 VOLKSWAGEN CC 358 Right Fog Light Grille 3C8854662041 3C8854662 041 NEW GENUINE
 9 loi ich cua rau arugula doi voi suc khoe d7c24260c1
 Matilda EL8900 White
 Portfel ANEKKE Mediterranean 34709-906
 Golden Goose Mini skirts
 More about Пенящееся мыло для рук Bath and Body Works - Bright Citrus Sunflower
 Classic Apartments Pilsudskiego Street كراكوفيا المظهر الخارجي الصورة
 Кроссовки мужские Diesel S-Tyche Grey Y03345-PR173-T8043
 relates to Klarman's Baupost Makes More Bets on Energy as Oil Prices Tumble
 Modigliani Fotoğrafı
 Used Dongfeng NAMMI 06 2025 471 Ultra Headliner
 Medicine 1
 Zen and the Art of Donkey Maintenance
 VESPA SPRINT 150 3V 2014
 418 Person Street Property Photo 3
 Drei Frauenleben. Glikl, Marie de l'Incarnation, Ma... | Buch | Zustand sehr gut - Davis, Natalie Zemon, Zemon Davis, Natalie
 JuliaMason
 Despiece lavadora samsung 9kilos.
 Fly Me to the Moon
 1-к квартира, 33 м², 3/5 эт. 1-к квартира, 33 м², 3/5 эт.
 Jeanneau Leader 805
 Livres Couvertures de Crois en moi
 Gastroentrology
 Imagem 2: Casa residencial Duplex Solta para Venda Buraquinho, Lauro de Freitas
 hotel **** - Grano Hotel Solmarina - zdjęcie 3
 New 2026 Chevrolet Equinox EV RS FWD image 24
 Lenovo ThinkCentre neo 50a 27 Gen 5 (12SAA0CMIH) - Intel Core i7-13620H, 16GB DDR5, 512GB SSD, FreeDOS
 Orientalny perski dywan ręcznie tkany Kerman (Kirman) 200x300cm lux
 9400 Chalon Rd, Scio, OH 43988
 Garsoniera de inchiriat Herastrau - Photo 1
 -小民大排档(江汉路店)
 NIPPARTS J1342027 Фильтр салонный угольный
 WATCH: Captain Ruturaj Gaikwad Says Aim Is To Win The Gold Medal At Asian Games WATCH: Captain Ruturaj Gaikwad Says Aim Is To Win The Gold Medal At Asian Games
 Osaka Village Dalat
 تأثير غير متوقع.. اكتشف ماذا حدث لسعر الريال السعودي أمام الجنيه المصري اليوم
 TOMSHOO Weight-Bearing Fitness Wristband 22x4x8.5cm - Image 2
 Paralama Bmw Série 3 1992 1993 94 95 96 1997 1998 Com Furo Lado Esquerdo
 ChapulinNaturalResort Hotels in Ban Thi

**Try it**
The response should be the listing above, limited to the lines between the one holding "At Asian Games WATCH: Captain" and the one holding "TOMSHOO Weight-Bearing Fitness", inclusive, reproduced exactly.

**Exercise result**
 WATCH: Captain Ruturaj Gaikwad Says Aim Is To Win The Gold Medal At Asian Games WATCH: Captain Ruturaj Gaikwad Says Aim Is To Win The Gold Medal At Asian Games
 Osaka Village Dalat
 تأثير غير متوقع.. اكتشف ماذا حدث لسعر الريال السعودي أمام الجنيه المصري اليوم
 TOMSHOO Weight-Bearing Fitness Wristband 22x4x8.5cm - Image 2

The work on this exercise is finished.